■ Given records:
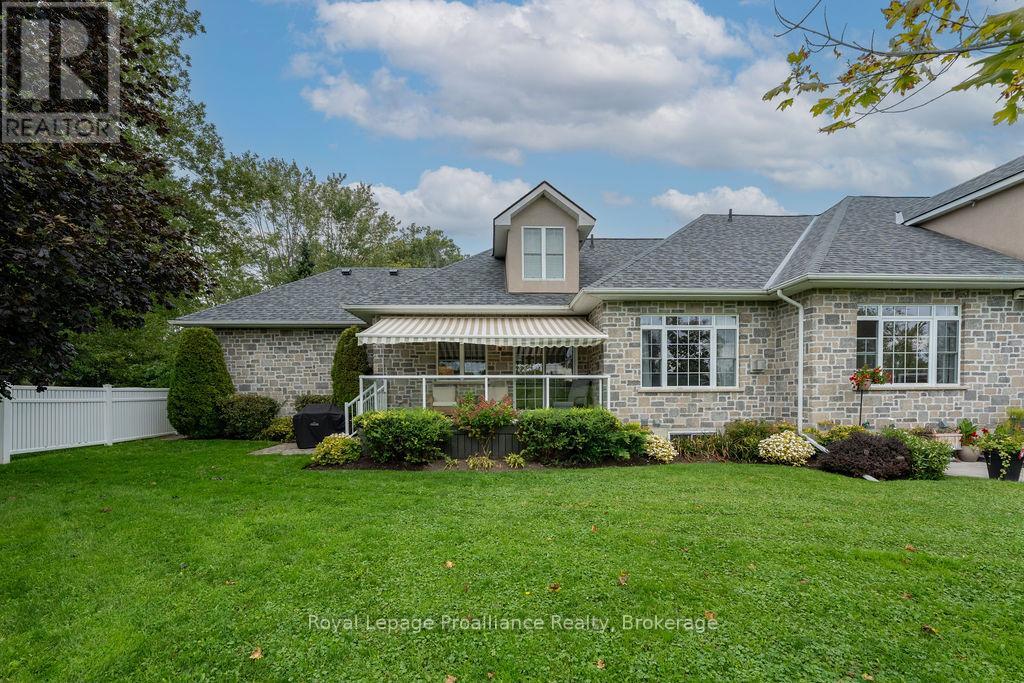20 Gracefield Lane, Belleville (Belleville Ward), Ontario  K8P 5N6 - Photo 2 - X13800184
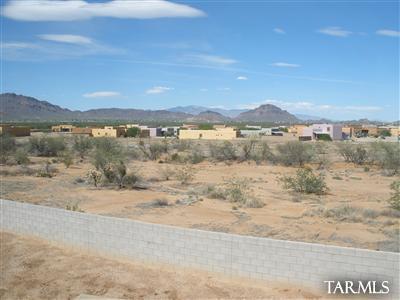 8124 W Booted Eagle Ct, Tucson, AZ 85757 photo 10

...

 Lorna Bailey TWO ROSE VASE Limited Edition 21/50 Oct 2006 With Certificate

==

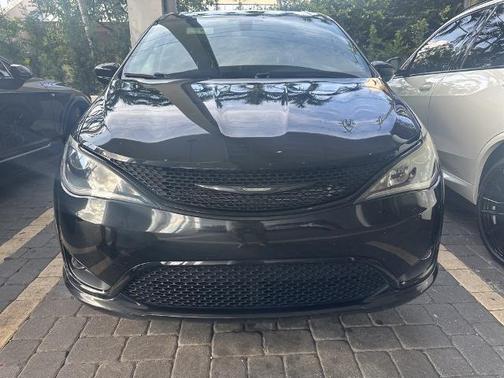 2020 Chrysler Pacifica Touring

■ About this task:
Please return the data above exactly as it stands from the line with "20 Gracefield Lane, Belleville" to the line with "8124 W Booted", keeping both of those lines but none of the pictures.

■ Task response:
20 Gracefield Lane, Belleville (Belleville Ward), Ontario  K8P 5N6 - Photo 2 - X13800184
 8124 W Booted Eagle Ct, Tucson, AZ 85757 photo 10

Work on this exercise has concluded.